1. Should `workflow_run_snapshots` survive as an operator debug surface, or should that move entirely to Temporal queries/history plus targeted redacted checkpoints?
2. Should the first Temporal-native release reject `forEach.concurrency > 1` at publish time, or hide that capability in the designer and reserve schema cleanup for follow-up?
3. For one-time schedule triggers, should the implementation use Temporal Schedules uniformly, or a simpler single-fire start mechanism wrapped in the same schedule reconciliation layer?

## Acceptance Criteria (Definition of Done)

1. [ ] A newly started Workflow V2 run executes as a Temporal workflow and is no longer scheduled by the DB polling worker.
2. [ ] Hosted EE and appliance EE use the same Temporal-native interpreter semantics.
3. [ ] Each run pins workflow definition ID, version, hash, and runtime semantics version at start.
4. [ ] `action.call` executes through activities with durable idempotency so duplicate side effects are suppressed across retries.
5. [ ] `control.if`, `control.tryCatch`, sequential `control.forEach`, and `control.return` execute correctly inside the interpreter.
6. [ ] `control.callWorkflow` executes as a Temporal child workflow with parent/root linkage and output mapping.
7. [ ] `time.wait` uses native Temporal timers and resumes without DB polling.
8. [ ] `event.wait` uses signal handling and resumes only when the active wait matches event name, correlation key, and filters.

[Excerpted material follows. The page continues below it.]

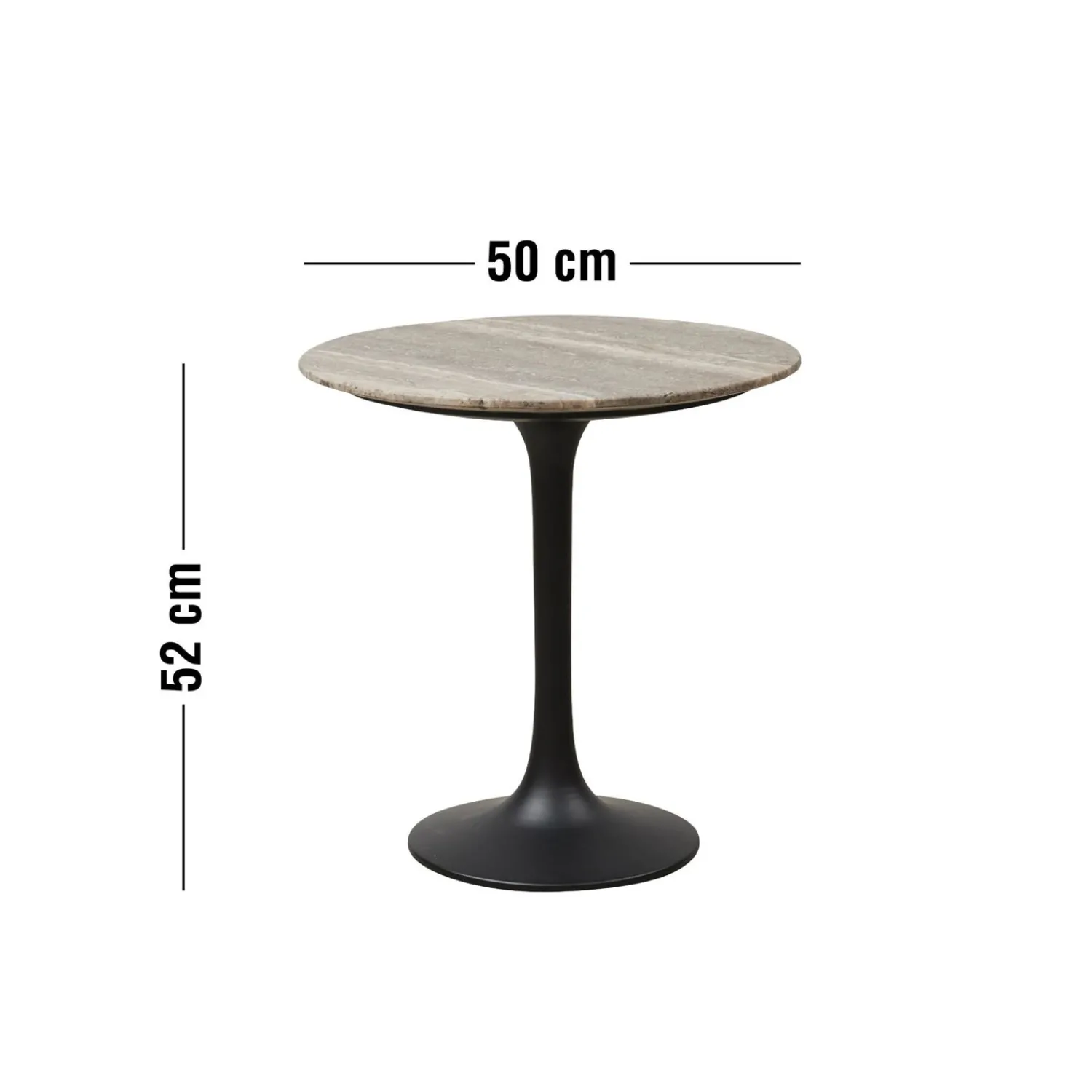 Best ILVA Trieste Sidebord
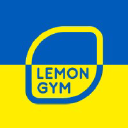 Lemongym.lt logo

9. [ ] Event ingress records inbound events, identifies candidate waiting runs, and signals those runs idempotently.
10. [ ] One-time and recurring schedule triggers are reconciled to Temporal-native scheduling authority.

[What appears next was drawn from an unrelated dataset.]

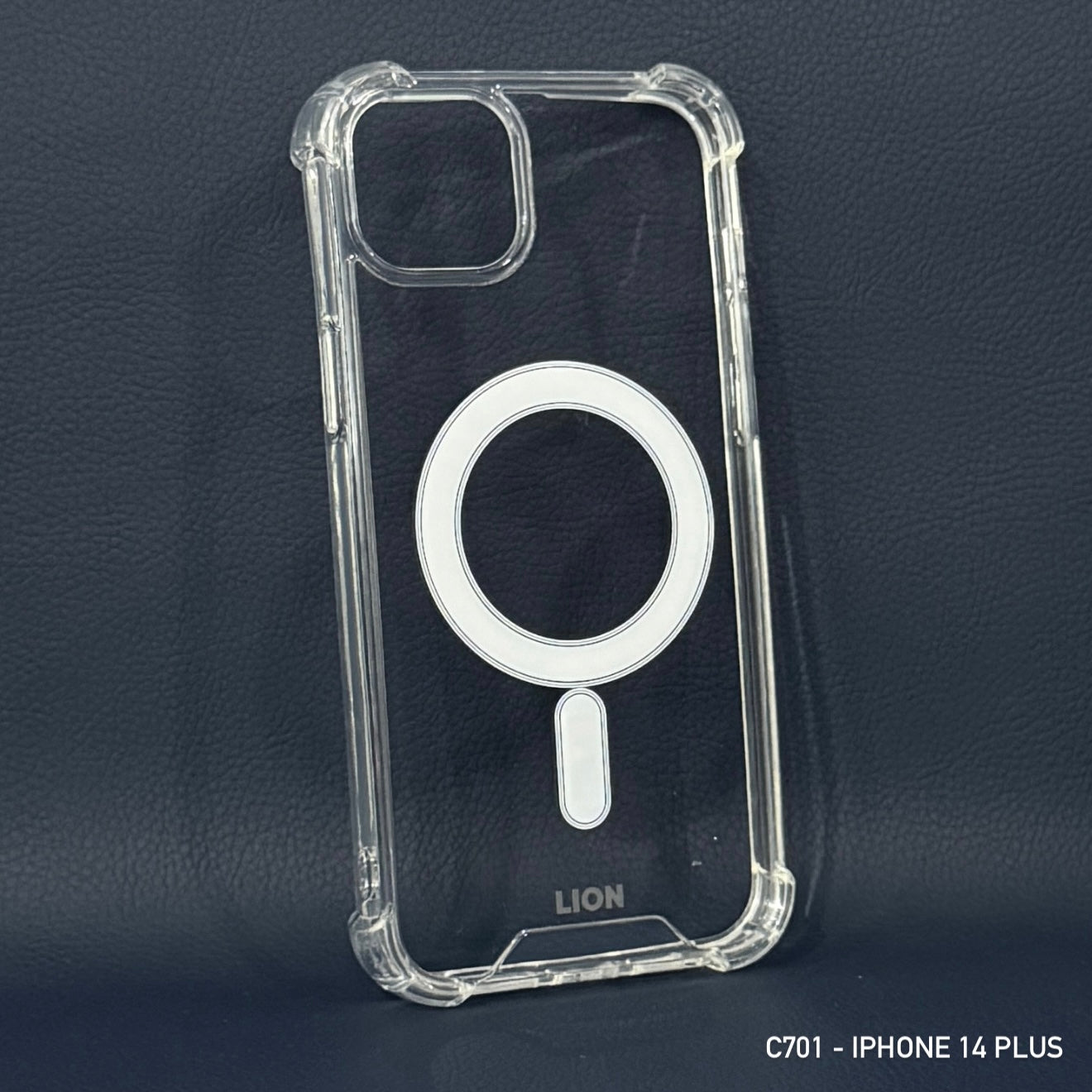 C701 - iPhone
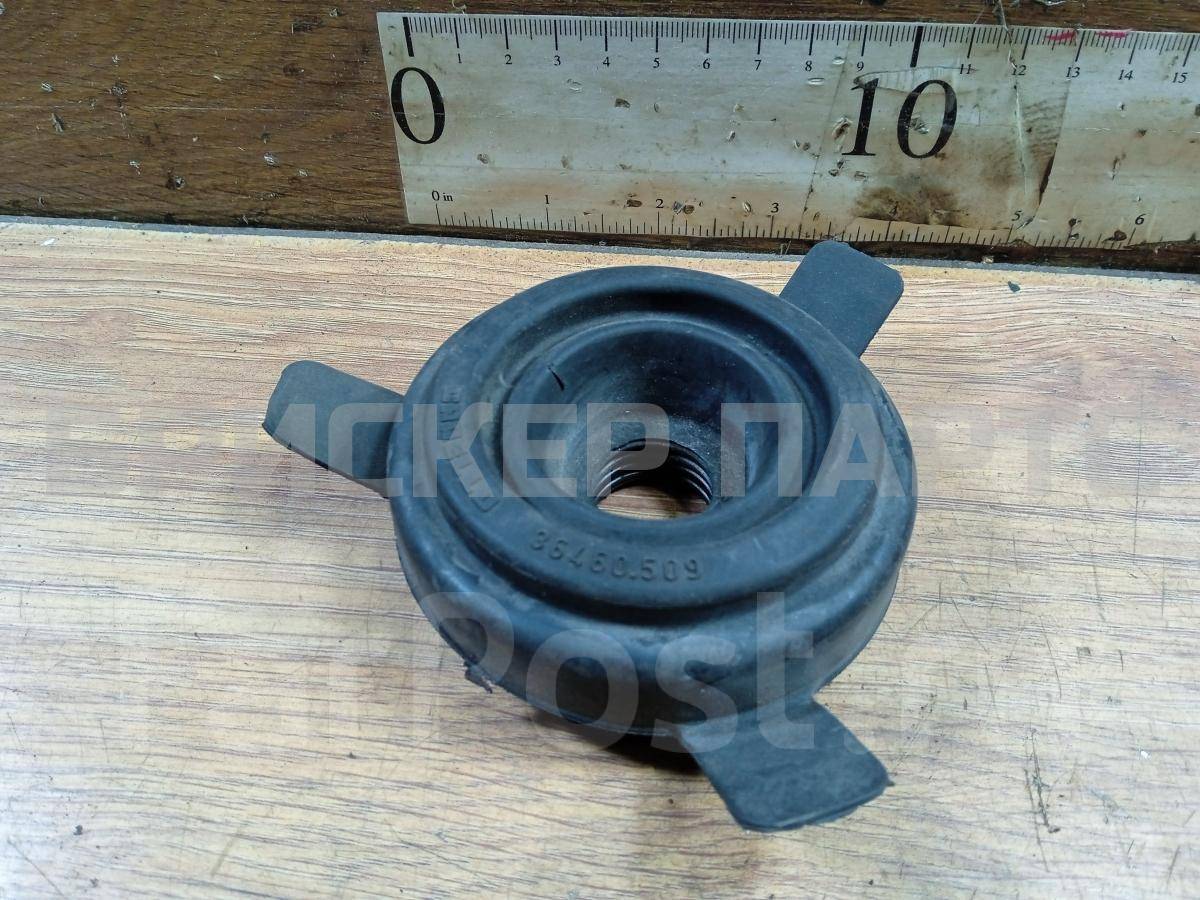 Крышка передней фары левая на Фиат Пунто Гранде Пунто / 199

11. [ ] Database run, step, wait, action, and event surfaces remain usable as product-facing read models.
12. [ ] Run cancelation works correctly and propagates to child workflows.
13. [ ] Replay/re-run starts a fresh Temporal-native run from pinned definition/input rather than DB snapshot resume.
14. [ ] DB-backed wait polling and lease-based execution are no longer required for new runs.
15. [ ] High-signal Temporal and DB-backed integration tests cover interpreter semantics, waits, event routing, schedules, and idempotency.